◆ ASSIGNMENT
From the line containing "Altalene in legno con fiori" to the end of the records below, both included, every line should be repeated exactly; pictures should be dropped.

◆ DATA SECTION
----

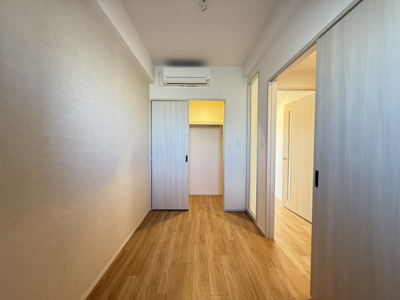 【洋室】 | スプランディッド城東関目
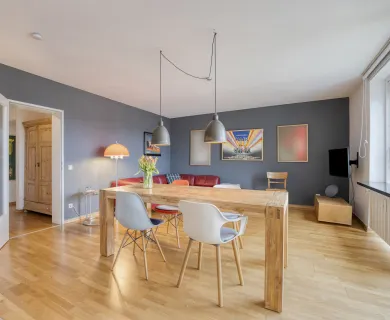 helle, sonnige ETW mit sep. Gäste Apartment nähe Seestern (in Lörick) !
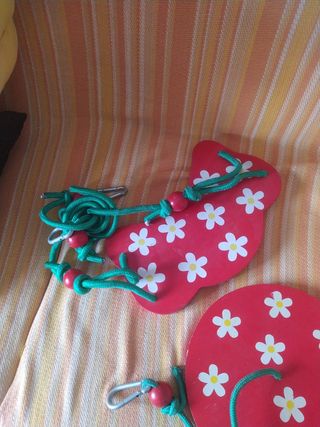 Altalene in legno con fiori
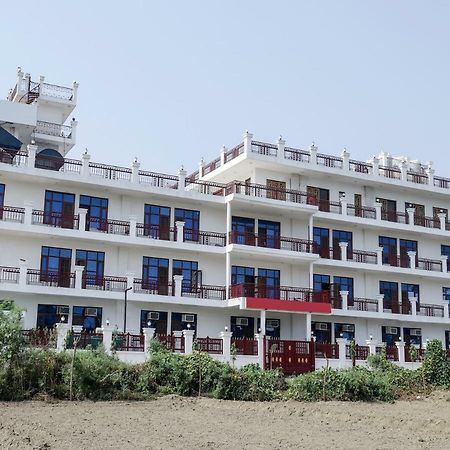 Hotel Sun Haven Greater Noida Kültér fotó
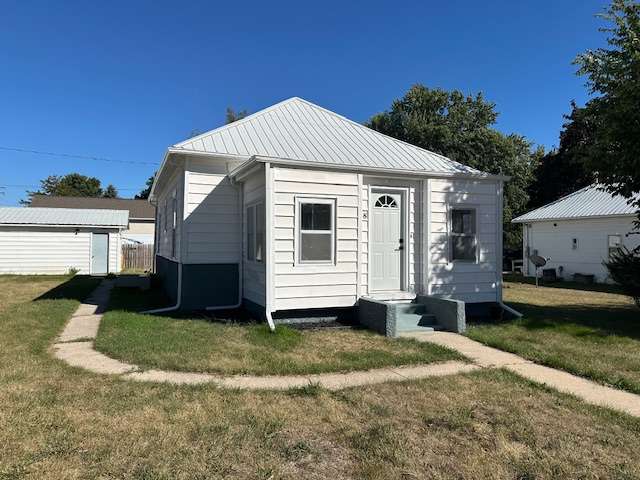 118 S 6th Street, O'Neill, NE 68763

----

◆ ANSWER SECTION
 Altalene in legno con fiori
 Hotel Sun Haven Greater Noida Kültér fotó
 118 S 6th Street, O'Neill, NE 68763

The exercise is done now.